Ara è una donna siriana madre di tre bambini, scappata di casa per rifugiarsi in Libano con la famiglia dopo la nascita del più piccolo.
Il maschietto è venuto al mondo mentre in Siria imperversava la guerra civile, che va avanti nel Paese dal 2010. Negli ultimi quattro anni il 64 per cento degli ospedali pubblici e il 38 per cento dei reparti di pronto soccorso sono stati danneggiati, distrutti o chiusi a causa della loro fatiscenza in seguito agli attacchi alle aree urbane delle grandi città siriane. La produzione di medicinali è crollata del 70 per cento e due terzi dei medici hanno lasciato il Paese. Ad Aleppo, per esempio, sono rimasti solo 36 dottori rispetto ai 5 mila che operavano la professione fino al 2010.
Mentre Ara era incinta, dunque, le condizioni non erano certo quelle ideali per partorire.
Quando racconta la sua esperienza si agita ancora, a due anni di distanza. “Ero quasi allo scadere del tempo e stavo male, ma non c’erano né medici né ospedali. Non era come le altre gravidanze che avevo avuto. Ero sempre andata in ospedale, non avevo mai partorito in casa”, spiega Ara.
“Nel cuore della notte ho detto alla mia famiglia che dovevo andare in ospedale, ma non c’era una strada che potevamo percorrere per arrivarci in condizioni di sicurezza, piovevano proiettili dappertutto. Gli uomini sparavano a qualsiasi cosa riuscissero a individuare nel buio della notte e c’erano così tanti posti di blocco che sarebbe stato impossibile passare”.
“Sono entrata in travaglio alle 4 di mattina. Ero terrorizzata al punto tale che pensavo di morire. Il parto presentava una complicazione terribile e ancora oggi ringrazio Dio per aver avuto al mio fianco anche dei generosi vicini di casa che hanno aiutato un’ostetrica a raggiungermi. Il cordone ombelicale era arrotolato intorno al collo del bambino, ma lei è riuscita a salvare la vita di entrambi”.
Prima dell’inizio dei conflitti il 96 per cento dei parti in Siria era gestito da personale altamente qualificato. Anche se a causa della guerra non è possibile avere accesso a dati precisi, gli esperti dell’Onu sospettano che le morti di madri e neonati durante i parti siano adesso in preoccupante aumento.
Le donne hanno difficoltà ad accedere a tutte le fasi della maternità (prenatale, parto e postnatale), così nella maggioranza dei casi si ritrovano obbligate a mettere al mondo un figlio senza la necessaria assistenza. Mancano le ambulanze, è scarso il personale ospedaliero femminile e, come si può capire dalle parole di Ara, i blocchi stradali possono impedire il raggiungimento delle strutture sanitarie.
Il parto cesareo ha registrato un notevole aumento. Nel 2011 ricadeva su questo la scelta del 19 per cento delle future mamme siriane, ma adesso le cifre sono più che raddoppiate, arrivando al 45 per cento.
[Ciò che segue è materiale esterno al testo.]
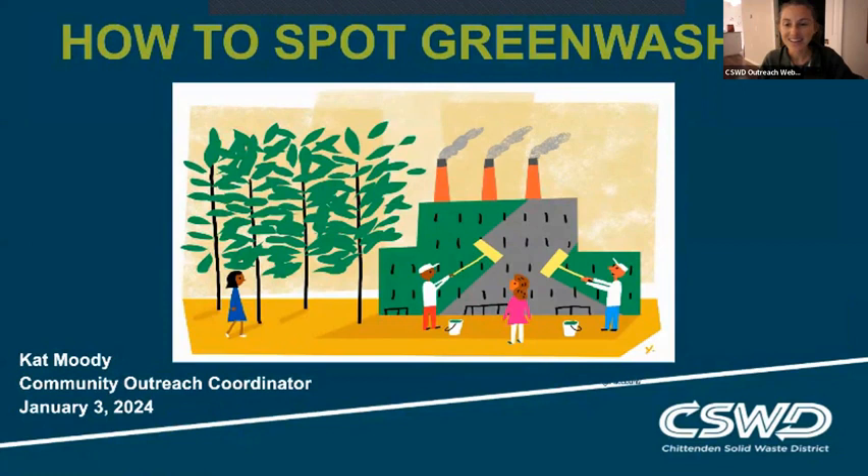Hello, everyone. Thank you for tuning in. This webinar will be on greenwashing, specifically how to spot greenwashing.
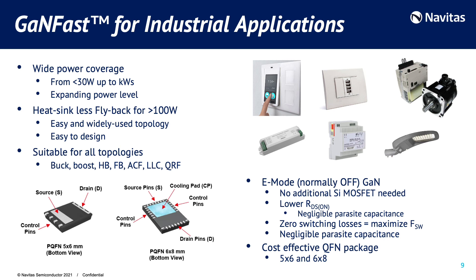With a wide power range from less than 30 watts up to kilowatt levels, Navitas GaN power ICs perfectly fit industrial applications. Based on an easy-to-use PQFN package, GaN power ICs allow customers to achieve more than 100 watts without needing a heat sink, which increases reliability while reducing system cost and size. Our e-mode GaN, which is normally off, doesn't require an additional silicon MOSFET. The result is a very low RDS(on) and negligible parasitic capacitance, allowing our products to maximize the switching frequency and fully exploit the force of gallium nitride.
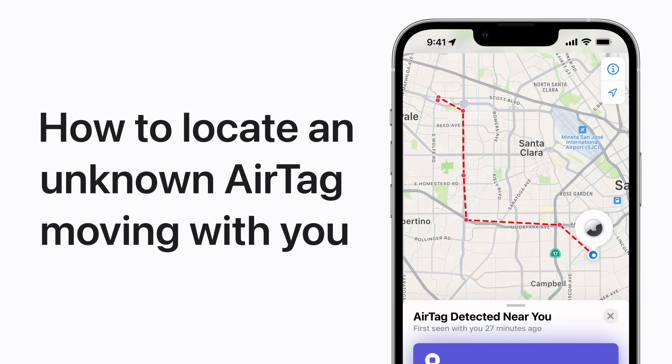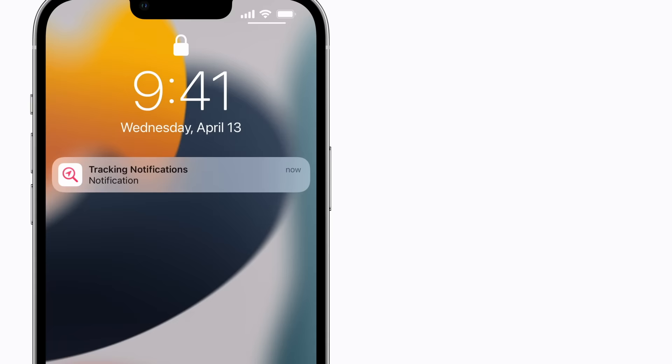If you receive a notification on your iPhone lock screen that an unknown AirTag is moving with you, here's what to do. You'll receive a notification as long as you have location services and Bluetooth turned on in settings, and tracking notifications turned on in notifications. If you receive a notification that says AirTag found moving with you, tap the alert.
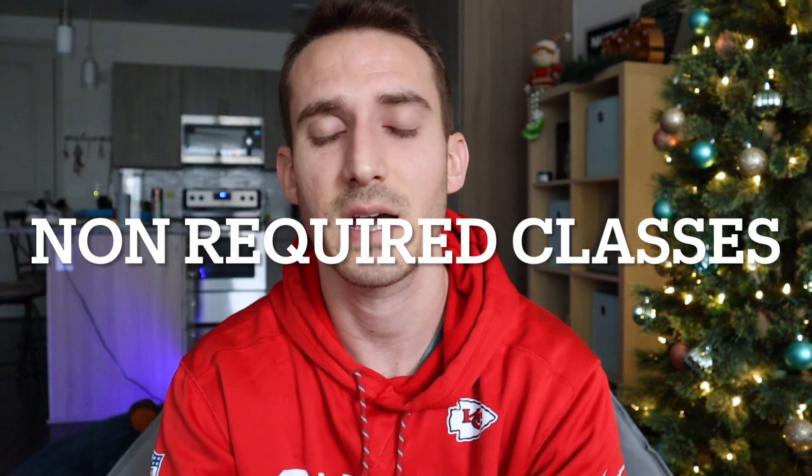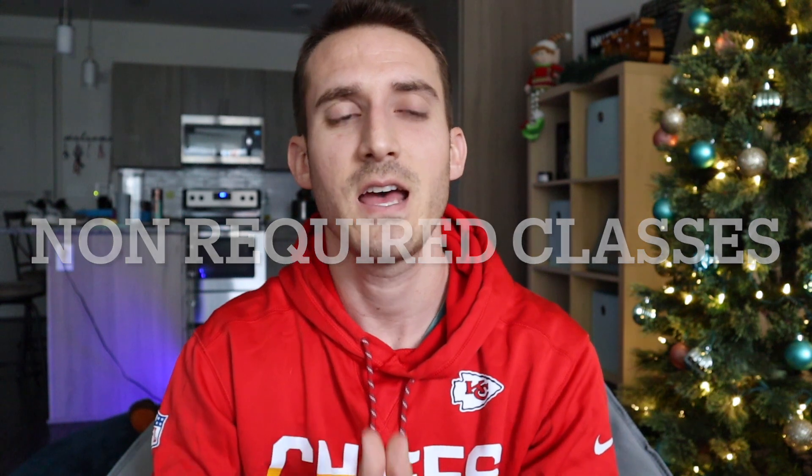Moving on to the non-required classes to apply to medical school. These are classes that you are going to take in medical school or at least see at some point in medical school, and they're going to show up on your med school board exam. So these are topics that I highly recommend taking if you guys have the time and the money to take them as an undergraduate student, because it's going to put you guys so much further ahead than the rest of your classmates.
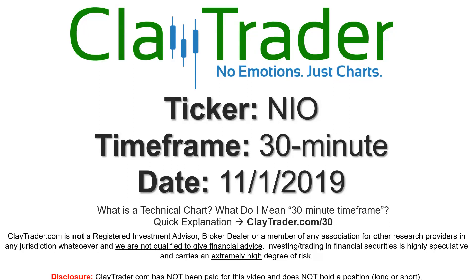Hey, it's Clay and this will be a video chart on ticker symbol NIO. We will take a look at the 30 minute timeframe. If you are new to charts and not sure what I mean by 30 minute, I do offer an explanation video at that link, so if you go there I'll explain in detail.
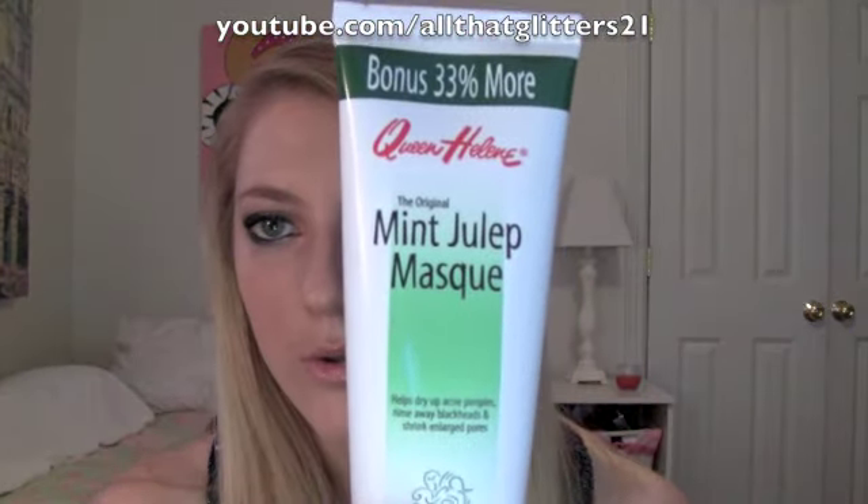Next one is one of my all-time favorite products, and it's Queen Helene Mint Julep Mask. I bought all of these drugstore products at Walgreens. You can get them at Walmart, any drugstore. International people, I'm not really sure — maybe you guys have drugstores that have this. But in the United States, any drugstore has these. These are very all-across-the-board type products.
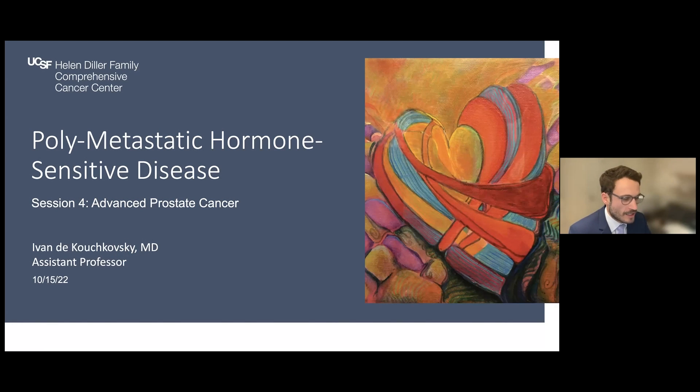I'm Ivan Dekushkovsky, and I'm one of the medical oncologists here. I will start the advanced prostate cancer session by talking about the management of polymetastatic hormone-sensitive prostate cancer.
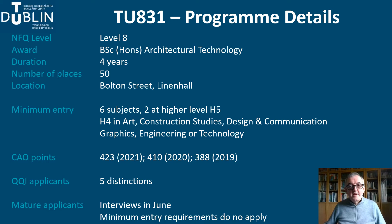We also admit mature applicants and hold interviews in June each year. We really value mature students and generally admit those who have demonstrated that they understand the nature of the programme and are committed to the workload involved. Minimum entry requirements do not apply to mature students who are admitted in CAO round zero.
Il cesareo comporta, rispetto ai parti naturali, un vero e proprio intervento chirurgico a livello addominale, un maggior rischio di infezioni, di emorragie e di spiacevoli conseguenze legate all’anestesia. Inoltre, prevede tempi di ricovero maggiori e qualora venga attuato prima dell’effettivo scadere del tempo potrebbe creare al feto problemi respiratori o generali carenze di salute.
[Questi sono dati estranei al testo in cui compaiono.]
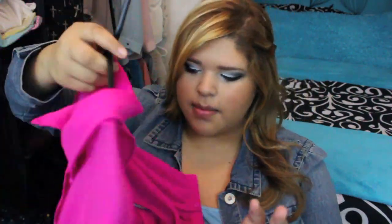The next shirt is a bright fuchsia color, and it's high-low as well. The back has these super awesome cutouts, and then it has a lace patch in the middle. I just thought this color was really pretty.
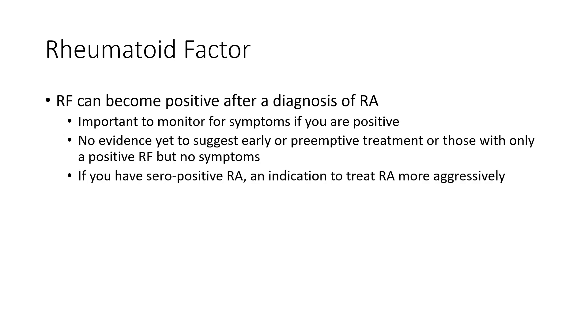Where doing Rheumatoid Factor is still important — and this is probably the most important use for Rheumatoid Factor tests and why we still do it — is because if you're seropositive, meaning your Rheumatoid Factor tests positive and you have Rheumatoid Arthritis, this is an indication to treat your Rheumatoid Arthritis more aggressively, because if left untreated it may end up being worse than someone who is seronegative. So Rheumatoid Factor can help predict how serious your Rheumatoid Arthritis is, and helps inform how we should treat it.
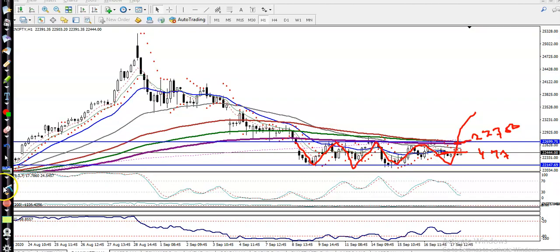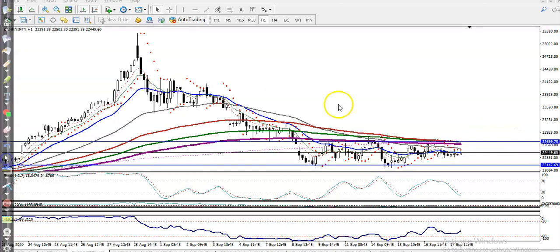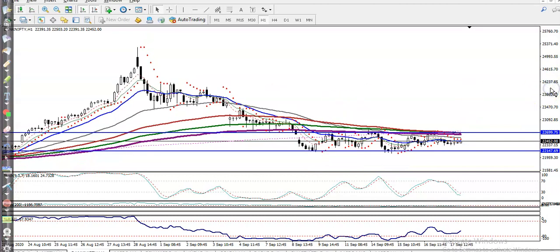We never know in which direction price will run, but we are expecting that price will give a movement. We are looking for entering this market, but remember — in between this area I'm not looking for entering.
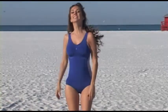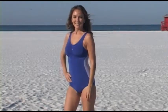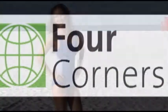Get a streamlined design that will give you a beach body you can show off with pride. Available at 4corners.com.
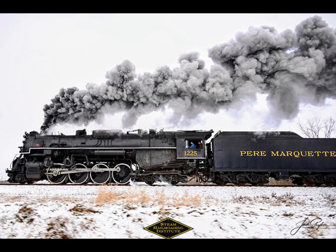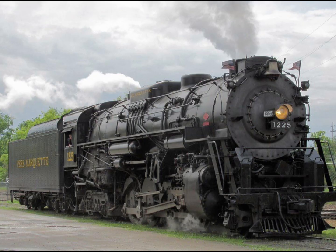After the movie, 1225 continued to run excursions until 2022, when the engine had to be taken out of service for upgrades. After October 2022, the engine was back in operational condition, ready for the 2022 North Pole Express excursion.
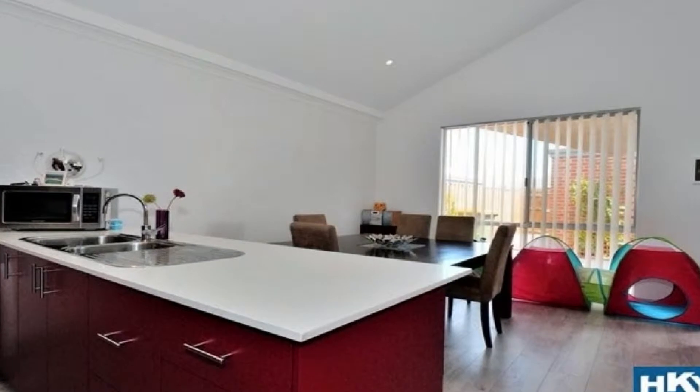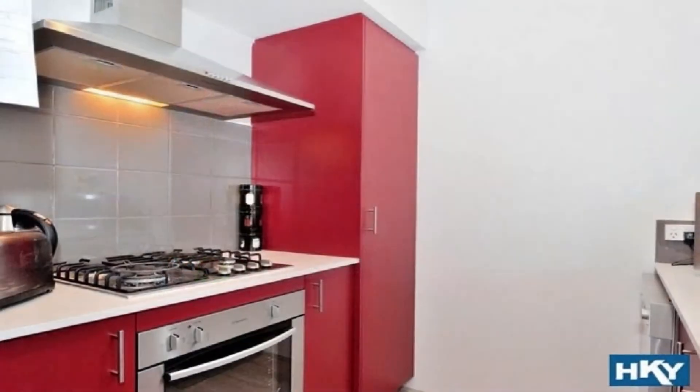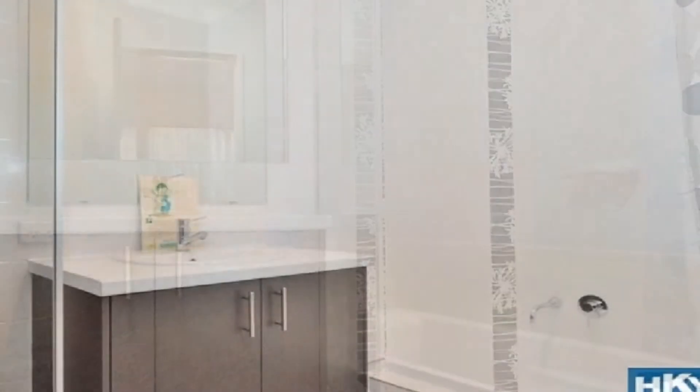The superb modern kitchen is complete with four burner gas hot plate, range hood, roomy pantry and striking Caesar stone bench tops. The spacious master boasts a walk-in robe and ensuite, whilst the remaining bedrooms share the main bathroom.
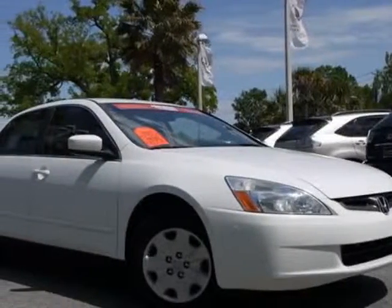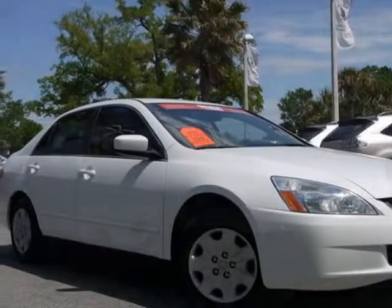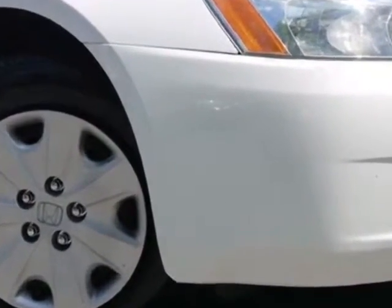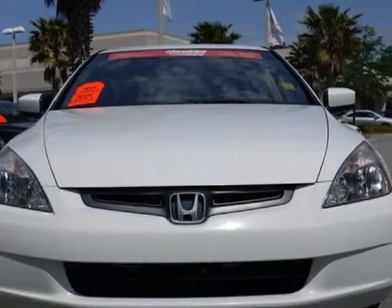Look at this 2003 Honda Accord Sedan. This Accord Sedan has just under 114,000 miles. For your protection, a warranty is available for this vehicle.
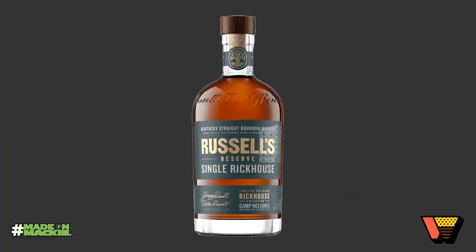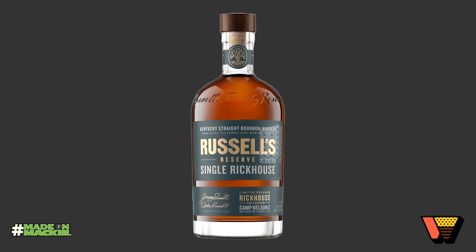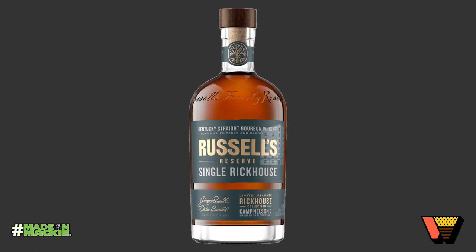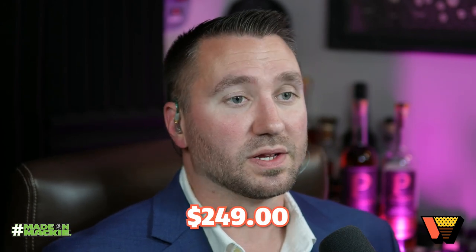We're tasting the Wild Turkey Single Rickhouse Series — their first in this series so far. It is featuring Camp Nelson Warehouse C, or Rickhouse C as they word it. This is coming in at 56.2 ABV. It's not really age-stated, however they do say in the press release that it is all at least 10-year components in the blend. It is available in some states — meaning you probably won't find one — and it comes with a price tag of $249 SRP. You're going to see it priced higher than that, so be ready for it.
Tuttavia, ha anche un grande pregio: si può programmare. Il fenomeno di una così ingente e veloce crescita si è avuto perché le donne siriane preferiscono rischiare in sala operatoria piuttosto che fuori, magari durante uno spostamento di notte fino all’ospedale, che come raccontava Ara potrebbe rivelarsi il più sfortunato dei contesti.
Da quando è iniziata la guerra in Siria, si stima che circa 15mila donne che aspiravano a una gravidanza si siano mosse verso la Giordania per concepire. Le troppe falle del sistema sanitario siriano hanno comportato la fuga dalle proprie abitazioni, soprattutto da parte di chi era già da molto tempo in lista per ricevere le dovute attenzioni mediche.
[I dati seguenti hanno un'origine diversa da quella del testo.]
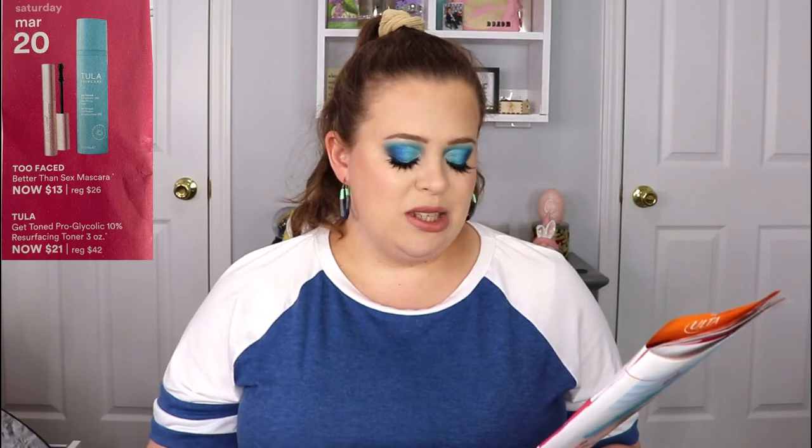On Saturday, the Too Faced Better Than Sex mascara is going on sale for $13. I do love that mascara — I actually have it on my lower lash line today — but I have a lot of mascaras so I'm not going to be purchasing it. If you like the Too Faced Better Than Sex mascara, definitely pick one up that day.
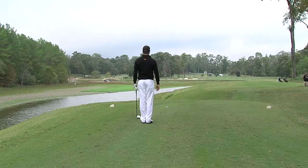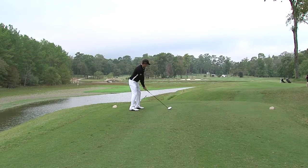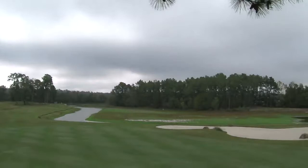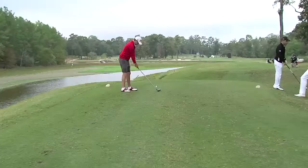Our first look today at the 18th, a long par four for the men. We talked about the Germans, and here they stand on the 18th tee with a great opportunity. This is Marcel Schneider — Staben, his teammate, has already hit — and an opportunity to push the team to eight under if they could birdie the long par four. Four hundred and sixty-four yards for the men, and that is a perfect shot by Schneider, just in the right side of the fairway.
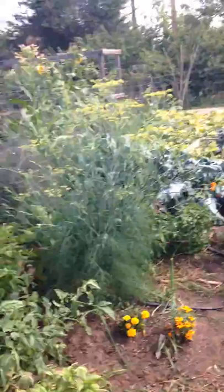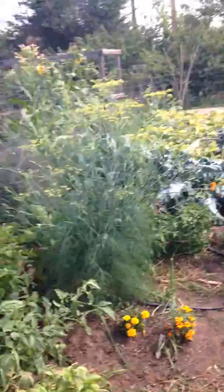And over here we have some Cleome. This is a bee plant, so this will attract bees and other insects as well into the garden.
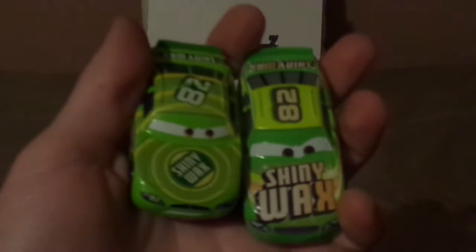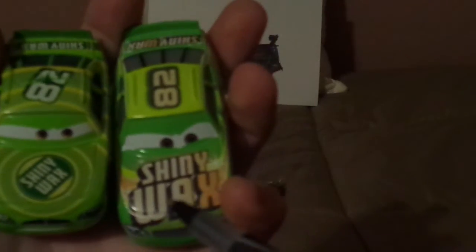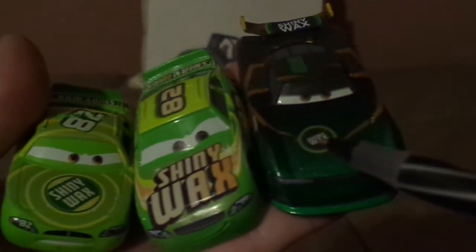Now let's compare him to the other Shiny Wax racers. We've got Cars 1 Darren Leadfoot and Cars 3 Darren Leadfoot. Let's compare the generation of the Shiny Wax logo, which had evolved over the years in the history of the Piston Cup — the 2005 logo, the 2016 logo, and the 2017 next-gen logo.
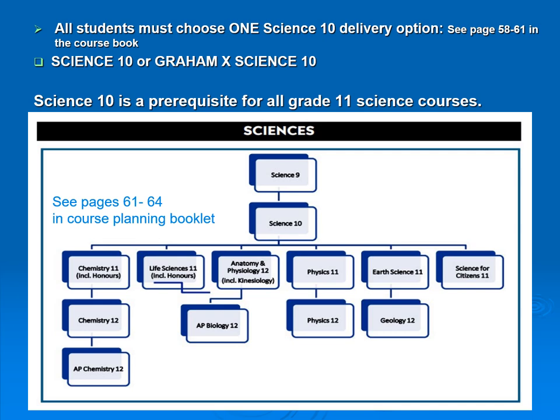All students must choose one science at the grade 10 level, and from grade 10 science they pick from the specialized grade 11 courses: Chemistry including honors, Life Sciences (Biology) including honors, Anatomy and Physiology, Physics 11, Science 11, and Science for Citizens — all of which meet the graduation requirement. However, if you're planning on going into sciences, you'll likely need a science at the grade 12 level, possibly more than one. If you're interested in advanced placement courses, plan ahead and make your counselors aware. Check with your science teacher or read the course booklet for further questions.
Molte famiglie però sono scappate portando con sé solo quello che riuscivano a radunare in fretta e adesso vivono in condizioni ben peggiori di quelle delle case da cui sono scappati. “Casa” oggi è una tenda, una carovana, un rifugio collettivo o un piccolo appartamento che a volte ospita anche 20 inquilini.
I risparmi o sono già finiti o stanno finendo, quindi a breve molte famiglie non potranno più permettersi di acquistare cibo, vestiti o medicine. Anche una volta scansato il rischio di morte per parto o neonatale, dunque, le cose non migliorano.